SUMMARY: The FDA on May 17, 2016, granted accelerated approval to OPDIVO® (Nivolumab) for the treatment of patients with Classical Hodgkin Lymphoma (cHL) that has relapsed or progressed after autologous Hematopoietic Stem Cell Transplantation (HSCT) and post-transplantation ADCETRIS® (Brentuximab vedotin). The American Cancer Society estimates that in the United States for 2016, about 8500 new cases of Hodgkin lymphoma will be diagnosed and over 1100 patients will die of the disease. Hodgkin lymphoma is classified into two main groups-Classical Hodgkin lymphomas and Nodular Lymphocyte Predominant type, by the World Health Organization. The Classical Hodgkin lymphomas include Nodular sclerosing, Mixed cellularity, Lymphocyte rich, Lymphocyte depleted subtypes and accounts for approximately 10% of all malignant lymphomas. Nodular sclerosis Hodgkin lymphoma histology, accounts for approximately 80% of Hodgkin lymphoma cases in older children and adolescents in the United States. Classical Hodgkin Lymphoma is a malignancy of primarily B lymphocytes and is characterized by the presence of large mononucleated Hodgkin and giant multinucleated Reed-Sternberg (RS) cells collectively known as Hodgkin and Reed-Sternberg cells (HRS). The HRS cells in turn recruit an abundance of ineffective inflammatory cells and infiltrates of immune cells. Preclinical studies suggest that HRS cells evade immune detection by exploiting the pathways associated with immune checkpoint, Programmed Death-1 (PD-1) and its ligands PD-L. Classical Hodgkin Lymphoma is an excellent example of how the tumor microenvironment influences cancer cells to proliferate and survive.

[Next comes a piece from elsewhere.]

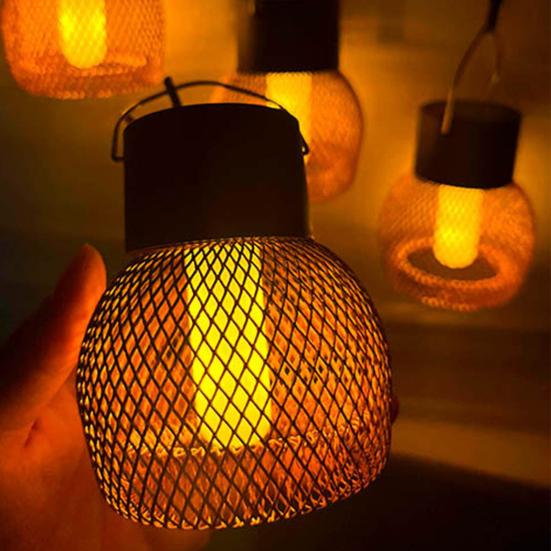 1/4Pcs LED Solar Garden Lights Super Bright Auto Charging Outdoor Waterproof Solar Hanging Lights with Flickering Flame
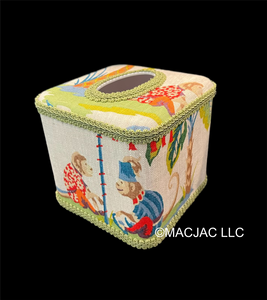 Monkey Fabric Covered Tissue Box Cover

The most common genetic abnormality in Nodular sclerosis subtype of Hodgkin lymphoma is the selective amplification of genes on the short arm of chromosome 9 (9p24.1) which includes JAK-2 with resulting increased expression of PD-1 ligands such as PDL1 and PDL2 on HRS cells, as well as increased JAK-STAT activity, essential for the proliferation and survival of Hodgkin Reed-Sternberg (HRS) cells. Infection with Epstein–Barr virus (EBV) similarly can increase the expression of PDL1 and PDL2 in EBV-positive Hodgkin's lymphomas. It would therefore seem logical to block or inhibit immune check point PD-1 rather than both its ligands, PDL1 and PDL2.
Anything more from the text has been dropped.